All our coffees are 100% Arabica of single varietals sourced from single estates, we don't actually blend anything. It's a bit like top Burgandy wine - you wouldn't go and blend a Pino from Burgundy with any other grape would you? I always like to stress that these are the best coffees in the world not because they're ours, but rather the other way round - they were purchased by us because they're the best in the world. >>
What inspired you to create the company?
Personal self-indulgence. I love food, wine and cigars, and when I started drinking coffee I wondered, where's the tastiest coffee? I remember going to Harrods and seeing their fine selection of terroir-led beans - some from Jamaica, some from Hawaii, Indonesia, and so on, which is very similar to wine, and I just wanted to try the tastiest coffees from each of these regions.
You come from a long line of tobacco manufacturers - are there any similarities in the coffee industry?
That's a whole article in itself! Be it tobacco or coffee, it's ultimately all down to the farming and the processing.
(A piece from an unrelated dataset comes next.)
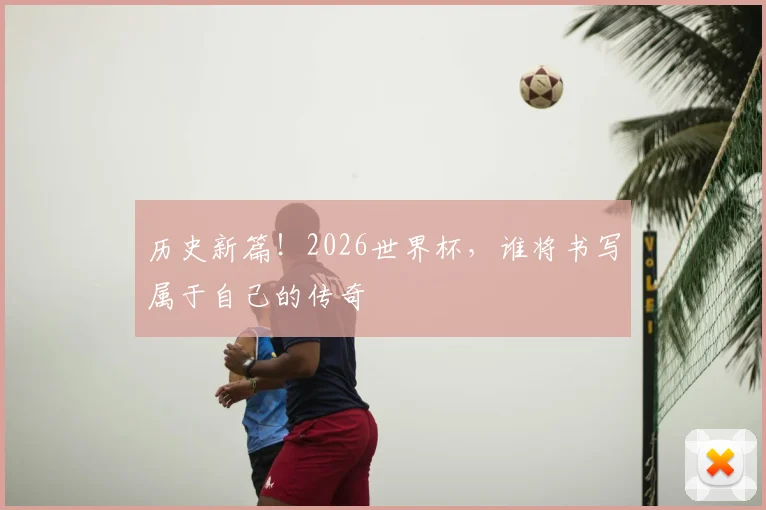 历史新篇！2026世界杯，谁将书写属于自己的传奇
You need superior soil and weather conditions first, the leaves or cherries must then be picked by farmers at optimal times, then processing, which involves fermentation and drying. Both really share the same steps. We have saying, 'if it didn't happen in the field, it won't happen in your cup'.
You specialise in identifying the world's very best coffee. What do you look for?
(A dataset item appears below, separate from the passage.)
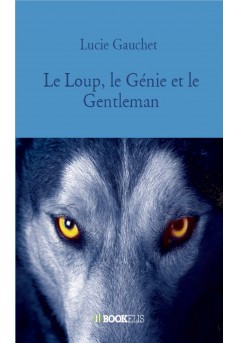 Le Loup, le Génie et le Gentleman - Couverture Ebook auto édité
Essentially we look for the single estate in each country that has managed to grow and process coffee beans better than all the rest. The coffee must be free of defects, and must have superior aromatics, flavours and aftertaste. We are extremely lucky that the coffee industry is so well-developed that most of the work for identifying the coffees has already been done for us at national competitions. All we do is really pay more than the rest. In this sense, not only do we have the best coffees in the world, technically we are one of the highest paying coffee companies to farmers in third world countries. >>
What are the stages of coffee – from bean to cup – that impact its taste?
Every single step can have a dramatic effect on the taste of the coffee. At planting, the choice of land, terroir, the choice of coffee varietal can have a huge impact on taste. Many people have heard of Arabica and Robusta beans, but not a lot of people are aware than within Arabica, which represents nearly 75% of the total production of coffee in the world, there are many different coffee varietals. These can include Jamaica Blue Mountain, Kona, Bourbon, Pacamara, Geisha, etc. Then, where you plant the seed makes a huge difference. For example, the Geisha bean seems to grow really well in Panama, so probably the best Geisha in the world comes from an estate called Hacienda La Esmeralda in Panama.
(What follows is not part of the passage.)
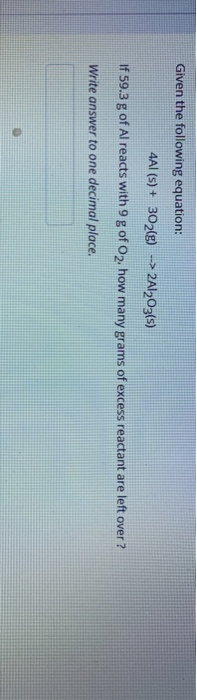 Solved Given The Following Equation 4Al S 302 G Chegg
Then, you have the actual processing of the coffee bean. Not a lot of people realise this, but coffee is actually the bean of a coffee cherry, so whether you dry the bean with the fruit on top or whether you wash away the fruit and allow it to dry in its parchment will affect the taste in a big way. Next you have transportation, then the actual roasting - and this is really where we take a lot of pride. Many people claim that they are the best roasters but Johnny England, our head of roasting, is an acting head judge for the World Barista Championship and the World Brewer's Cup, so his ability to create a flavour profile for us and then to consistently achieve that profile is incredible. Finally, you have the actual brewing stage, which consist of choices of brewing methods (capsules, filter, espresso, etc), grinders, machines, and ways in which the coffee is packed to preserve freshness.
How do you take your coffee?
Neat. I used to add sugar when I started drinking coffee, and occasionally would add a bit of cream. I'm actually not against either of these practices. Some people do enjoy a more sweetened drink, and cream can be a great pairing with coffee. Ultimately, if you make a cappuccino using a burnt tasteless coffee, your cappuccino will taste rather poor. A beautiful Jamaica Blue Mountain, on the other hand, will result in a really indulgent drink.